I struggle with a pretty simple CMD task.
I have a root folder (C:\folder) in which I have many subfolders and each of them contains different kind of files. I want to search all txt files in all subfolders to find URL links. At the end I want to put of all links into a single file. My regexp to find URL is like:
(https?|ftp|file):\/\/\)?[-A-Za-z0-9+&@#\/%?=~_|!:,.;]+[-A-Za-z0-9+&@#\/%=~_|]
and it works
My last idea was:
for /R C:\folder %%F in (*.txt) do (
findstr /r "(https?|ftp|file):\/\/\)?[-A-Za-z0-9+&@#\/%?=~_|!:,.;]+[-A-Za-z0-9+&@#\/%=~_|]" >> results.txt
)
Can you help me? What am I missing?
I am not sure that this regex is a universal URL identifier, but if you want to put it into a PowerShell command:
Get-ChildItem -Recurse -File -Filter '*.txt' |
Select-String -Pattern '(https?|ftp|file):\/\/\)?[-A-Za-z0-9+&@#\/%?=~_|!:,.;]+[-A-Za-z0-9+&@#\/%=~_|]'
As suggested by @mklement0:
Get-ChildItem -Recurse -File -Filter '*.txt' |
Select-String -Pattern '(https?|ftp|file):\/\/\)?[-A-Za-z0-9+&@#\/%?=~_|!:,.;]+[-A-Za-z0-9+&@#\/%=~_|]' |
ForEach-Object { $_.Matches.Value }
and:
Get-ChildItem -Recurse -File -Filter '*.txt' |
Select-String -Pattern '(https?|ftp|file):\/\/\)?[-A-Za-z0-9+&@#\/%?=~_|!:,.;]+[-A-Za-z0-9+&@#\/%=~_|]' |
ForEach-Object { $_.Matches.Value } >results.txt
I would not put the results.txt
file in the same directory, since it will be included if the command is run again.
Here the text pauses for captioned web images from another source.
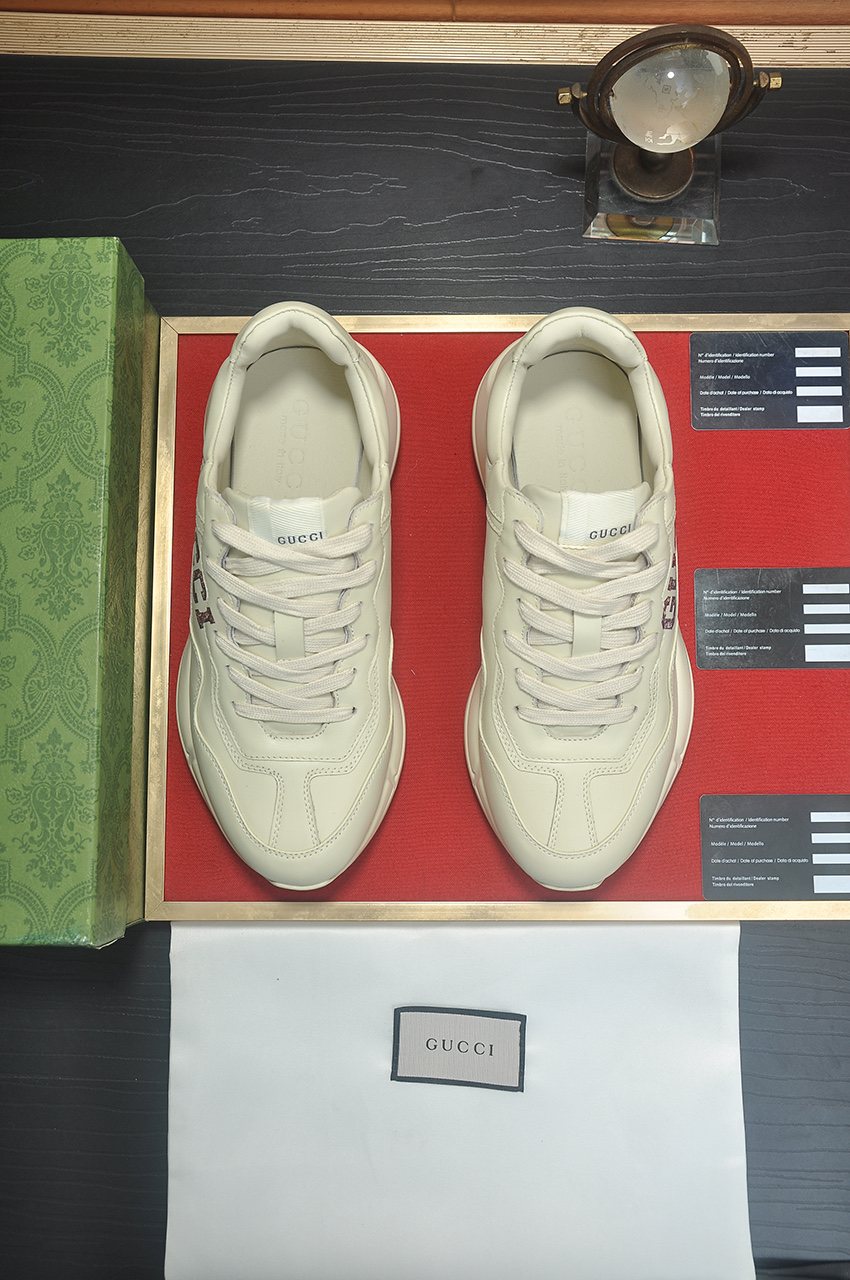 Gucci White Heart-Accent Chunky Sneakers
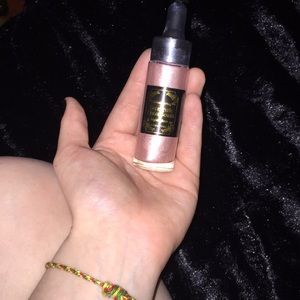Rosy gold shimmering liquid highlighter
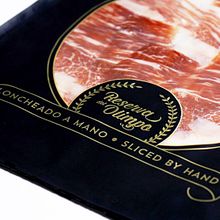 Reserva del Olimpo | Packaging Jamón Ibérico. Br, ing, Identit, Design, Product Design, Graphic Design, and Packaging project by Brigada Estudio - 12.09.2014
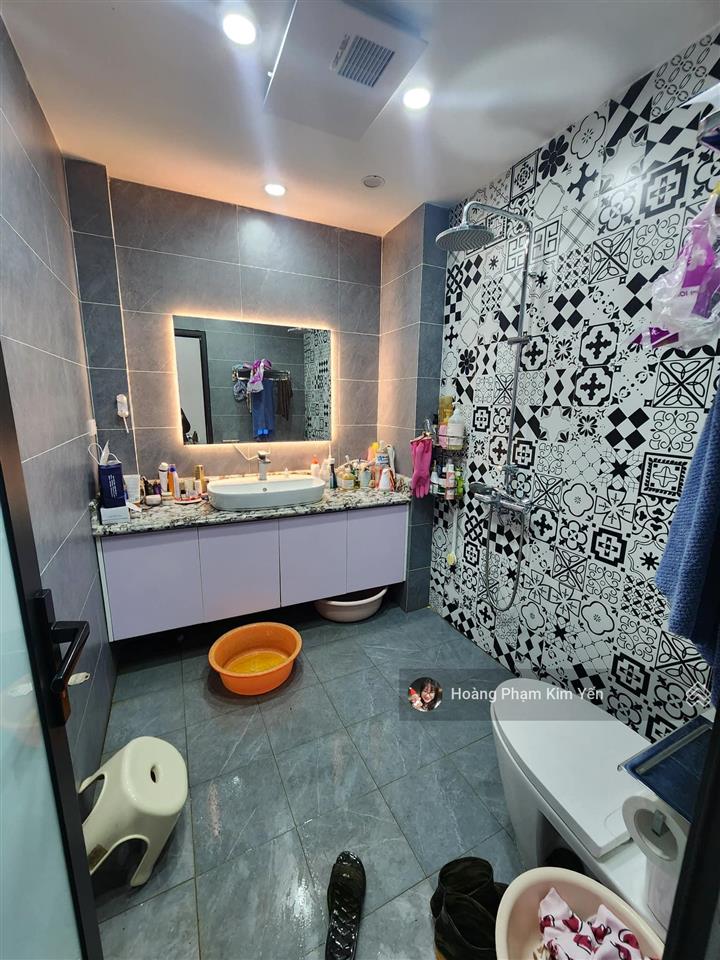 Sang chấn! 6t thang máy đặng tiến đông, vf3 đỗ cửa, 30m ra phố, ban công từng tầng, full nội thất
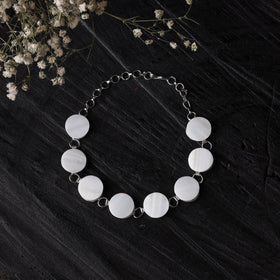 White - handcrafted seashell bracelet (adjustable) 35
Perhaps placing it in the home directory.
Get-ChildItem -Recurse -File -Filter '*.txt' |
Select-String -Pattern '(https?|ftp|file):\/\/\)?[-A-Za-z0-9+&@#\/%?=~_|!:,.;]+[-A-Za-z0-9+&@#\/%=~_|]' |
ForEach-Object { $_.Matches.Value } |
Out-File -Path '~/results.txt'